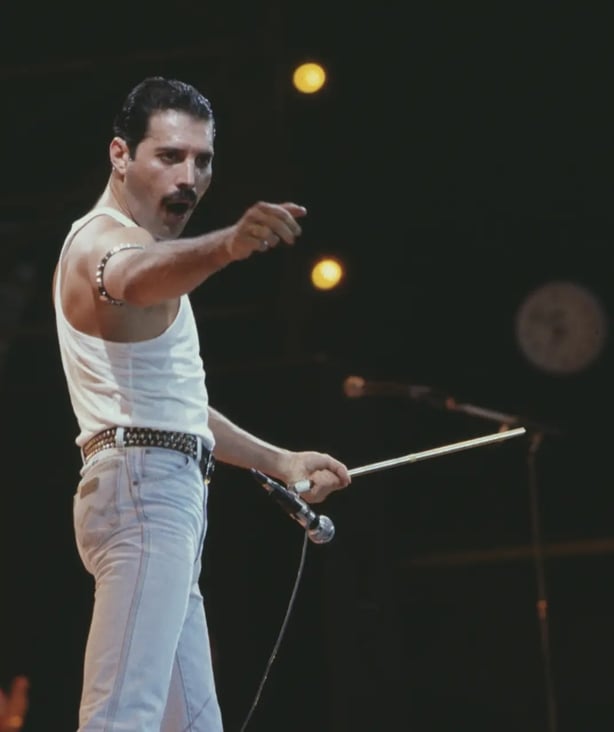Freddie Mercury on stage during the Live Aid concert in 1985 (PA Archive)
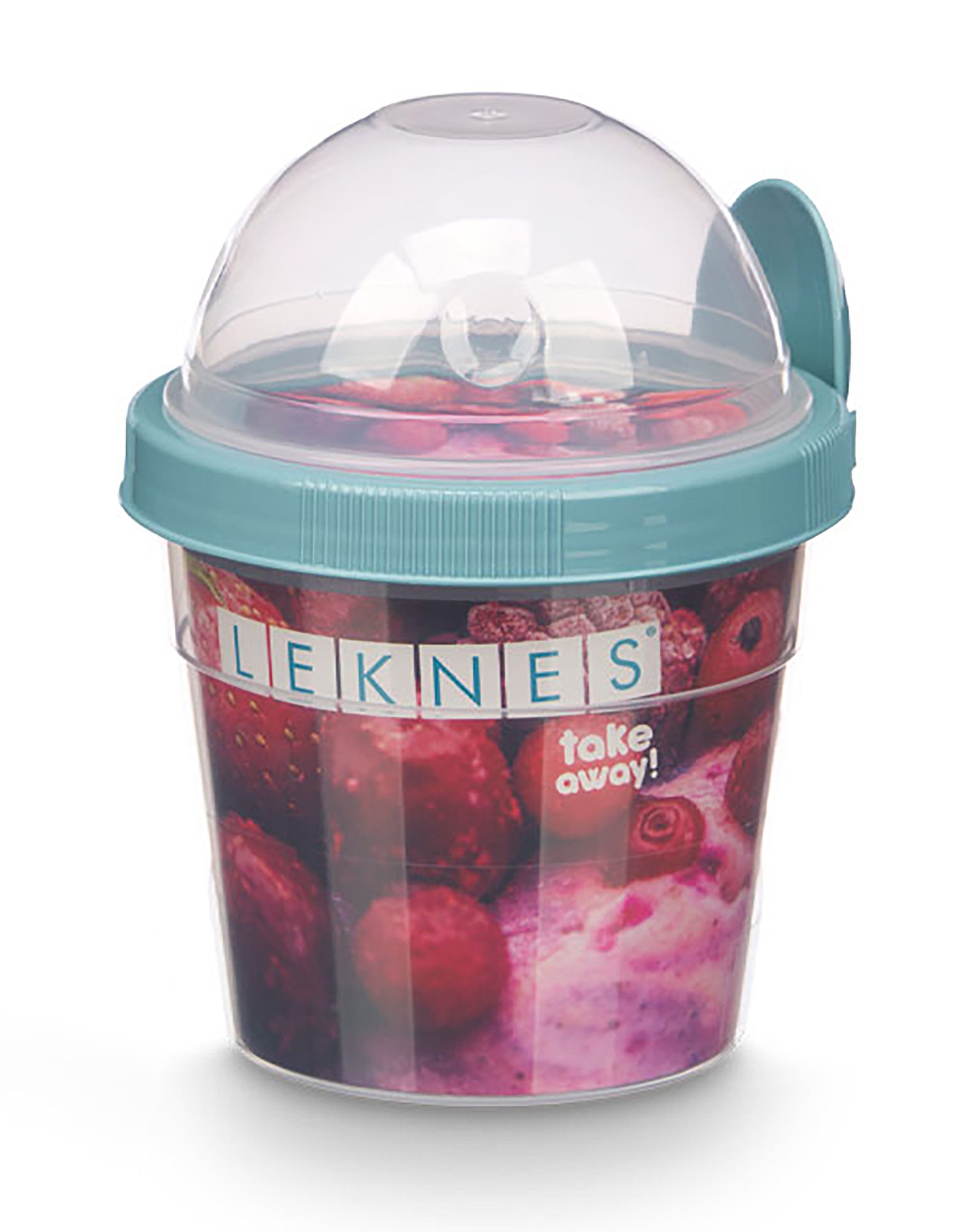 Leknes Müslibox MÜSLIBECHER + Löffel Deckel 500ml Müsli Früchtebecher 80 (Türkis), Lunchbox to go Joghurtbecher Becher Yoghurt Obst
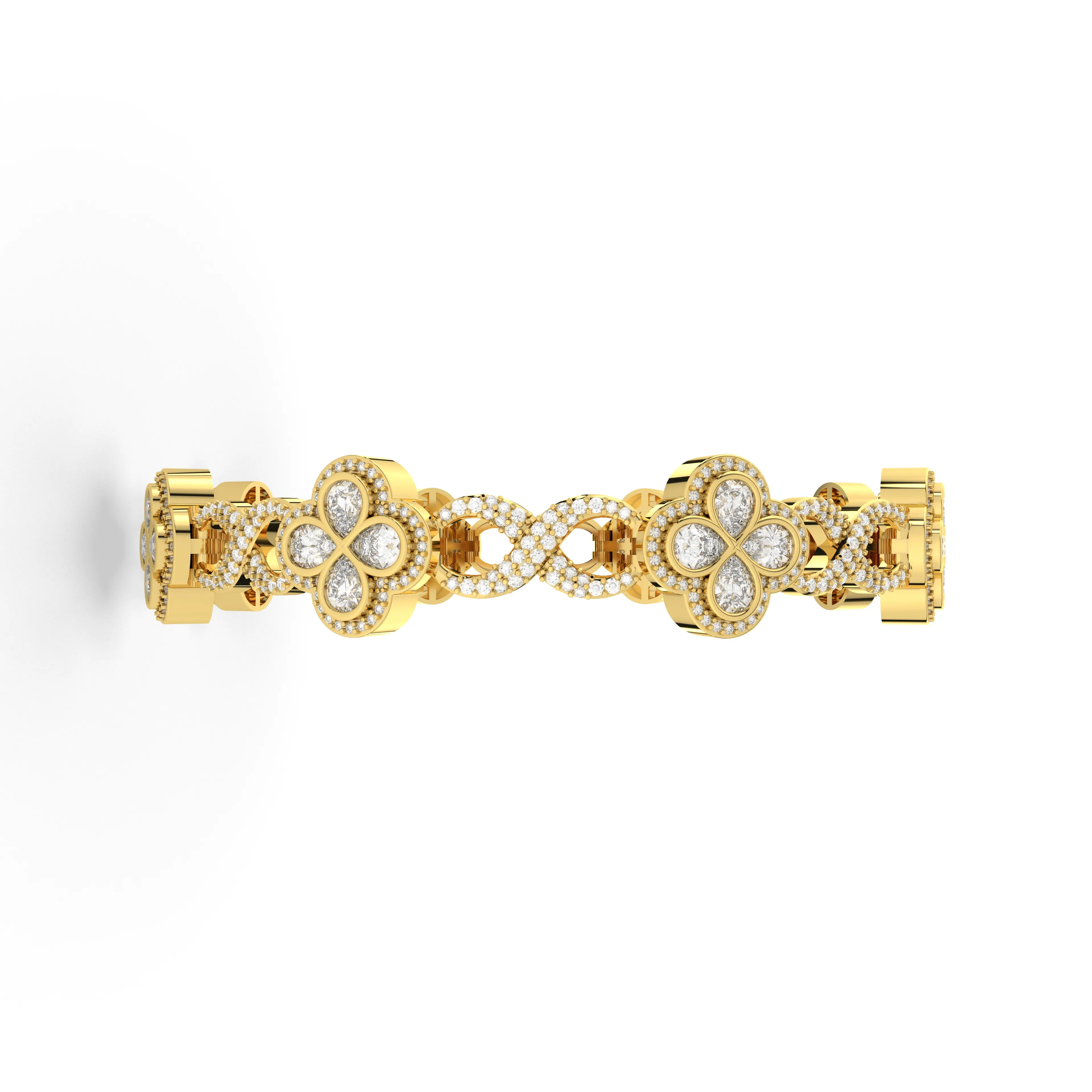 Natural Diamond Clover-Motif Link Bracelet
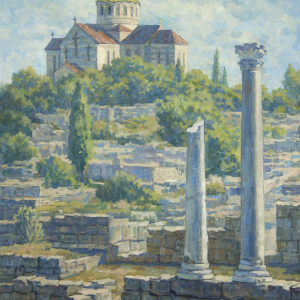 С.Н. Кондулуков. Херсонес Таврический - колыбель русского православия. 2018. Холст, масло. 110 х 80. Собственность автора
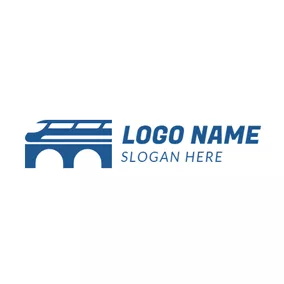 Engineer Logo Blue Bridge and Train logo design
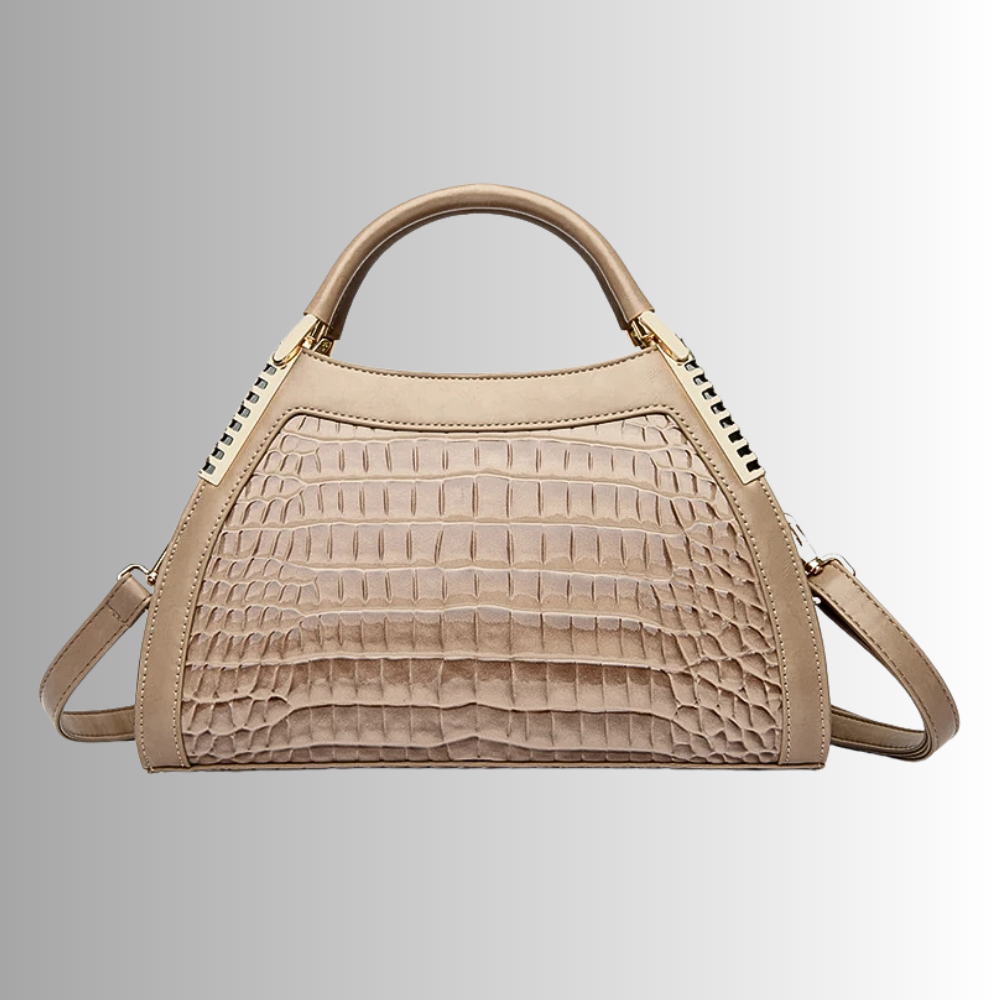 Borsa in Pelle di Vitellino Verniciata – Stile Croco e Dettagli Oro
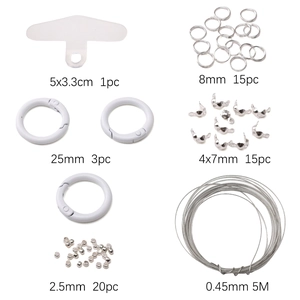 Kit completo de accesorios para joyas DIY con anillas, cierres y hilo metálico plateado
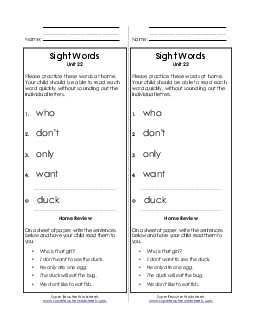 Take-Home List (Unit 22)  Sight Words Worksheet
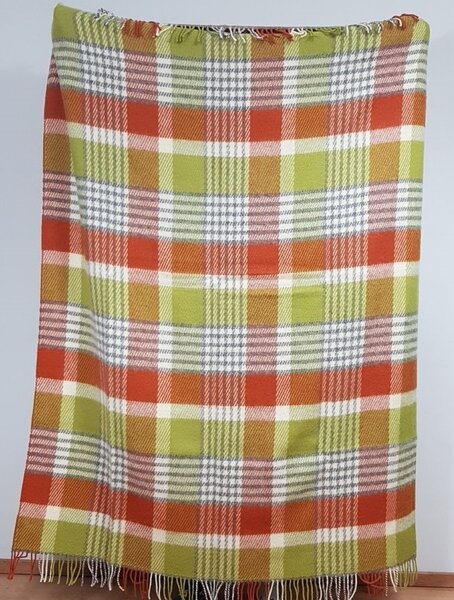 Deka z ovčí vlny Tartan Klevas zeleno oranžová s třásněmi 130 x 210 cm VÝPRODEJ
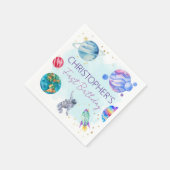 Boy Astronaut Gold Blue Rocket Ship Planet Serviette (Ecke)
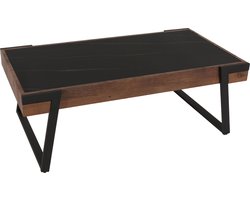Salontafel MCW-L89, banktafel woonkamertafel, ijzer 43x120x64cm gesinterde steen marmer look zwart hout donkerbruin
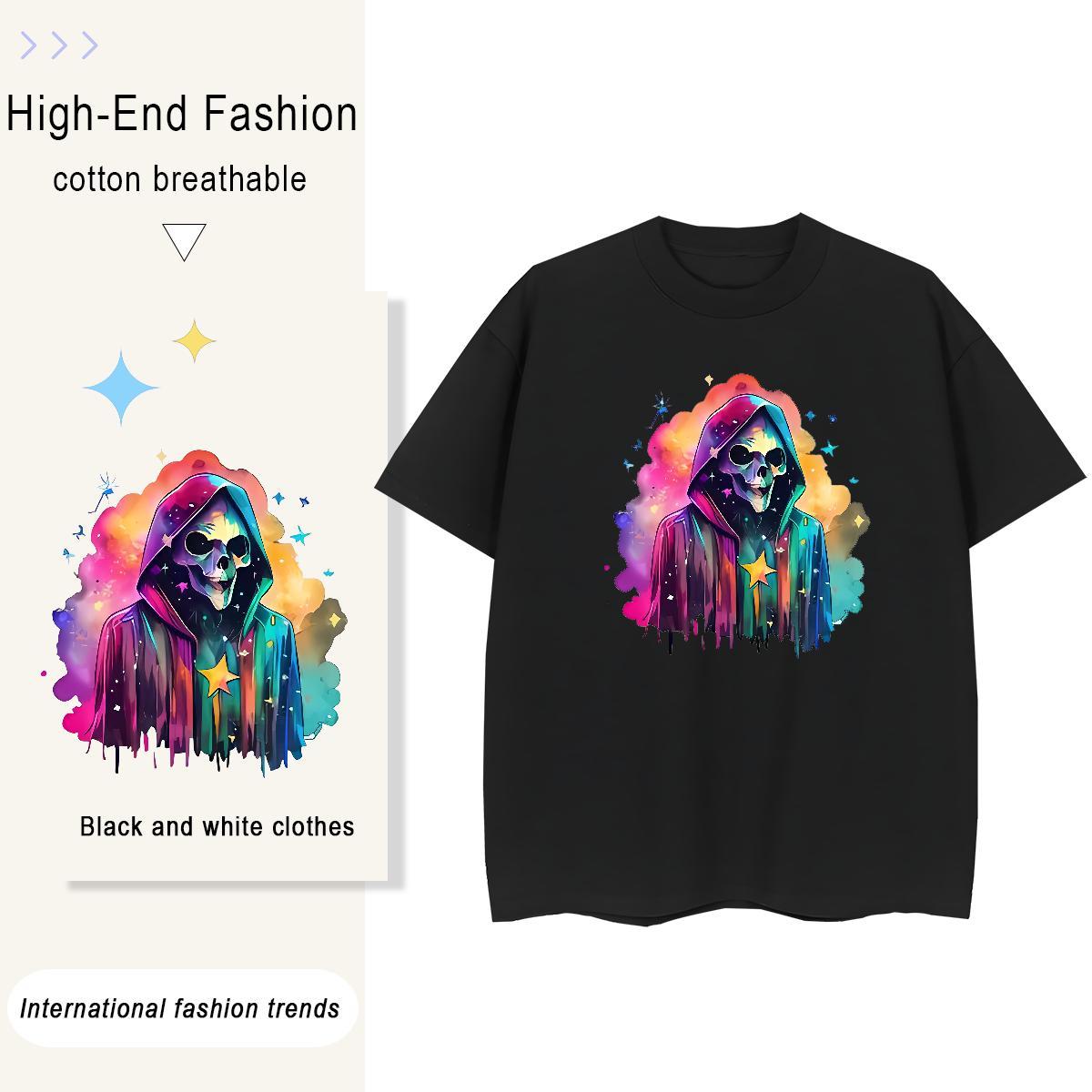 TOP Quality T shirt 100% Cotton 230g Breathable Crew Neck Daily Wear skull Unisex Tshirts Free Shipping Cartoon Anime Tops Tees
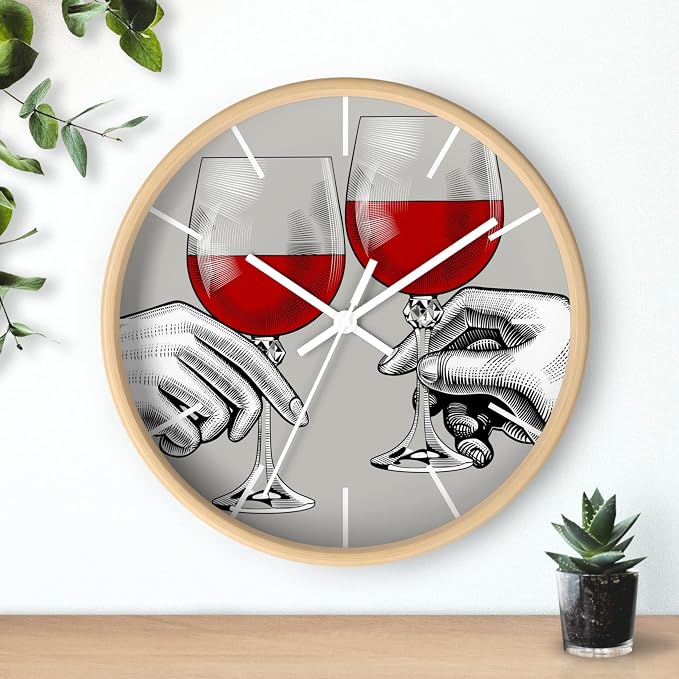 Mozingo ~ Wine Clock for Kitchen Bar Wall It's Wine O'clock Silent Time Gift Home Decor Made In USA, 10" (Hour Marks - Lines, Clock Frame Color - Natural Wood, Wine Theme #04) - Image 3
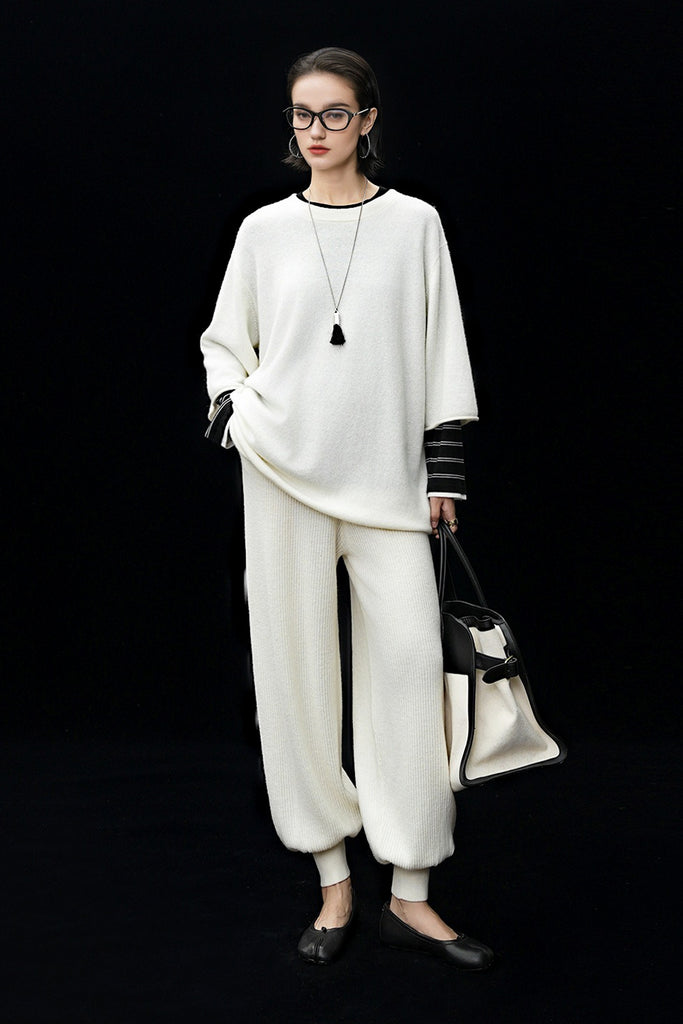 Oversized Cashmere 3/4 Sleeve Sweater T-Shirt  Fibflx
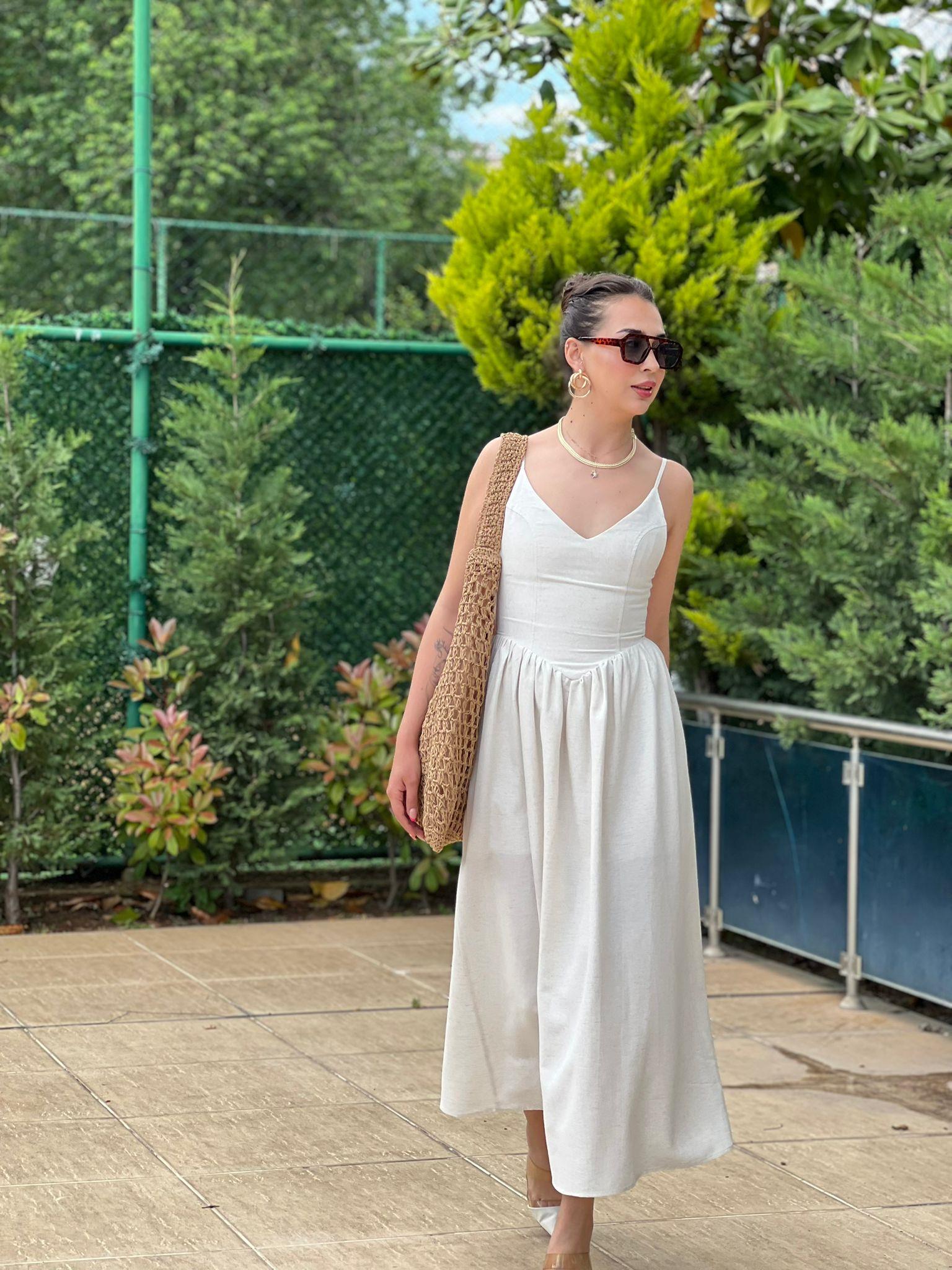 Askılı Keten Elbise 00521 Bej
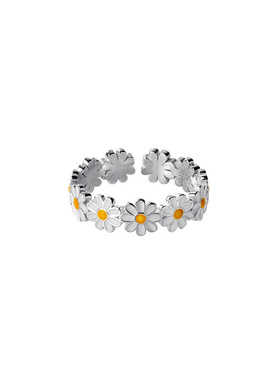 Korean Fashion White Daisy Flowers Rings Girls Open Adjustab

=====

### PROBLEM TO SOLVE
Would you copy each line above exactly as given, dropping any images?

### SOLUTION TO THIS EXERCISE
Freddie Mercury on stage during the Live Aid concert in 1985 (PA Archive)
 Leknes Müslibox MÜSLIBECHER + Löffel Deckel 500ml Müsli Früchtebecher 80 (Türkis), Lunchbox to go Joghurtbecher Becher Yoghurt Obst
 Natural Diamond Clover-Motif Link Bracelet
 С.Н. Кондулуков. Херсонес Таврический - колыбель русского православия. 2018. Холст, масло. 110 х 80. Собственность автора
 Engineer Logo Blue Bridge and Train logo design
 Borsa in Pelle di Vitellino Verniciata – Stile Croco e Dettagli Oro
 Kit completo de accesorios para joyas DIY con anillas, cierres y hilo metálico plateado
 Take-Home List (Unit 22)  Sight Words Worksheet
 Deka z ovčí vlny Tartan Klevas zeleno oranžová s třásněmi 130 x 210 cm VÝPRODEJ
 Boy Astronaut Gold Blue Rocket Ship Planet Serviette (Ecke)
Salontafel MCW-L89, banktafel woonkamertafel, ijzer 43x120x64cm gesinterde steen marmer look zwart hout donkerbruin
 TOP Quality T shirt 100% Cotton 230g Breathable Crew Neck Daily Wear skull Unisex Tshirts Free Shipping Cartoon Anime Tops Tees
 Mozingo ~ Wine Clock for Kitchen Bar Wall It's Wine O'clock Silent Time Gift Home Decor Made In USA, 10" (Hour Marks - Lines, Clock Frame Color - Natural Wood, Wine Theme #04) - Image 3
 Oversized Cashmere 3/4 Sleeve Sweater T-Shirt  Fibflx
 Askılı Keten Elbise 00521 Bej
 Korean Fashion White Daisy Flowers Rings Girls Open Adjustab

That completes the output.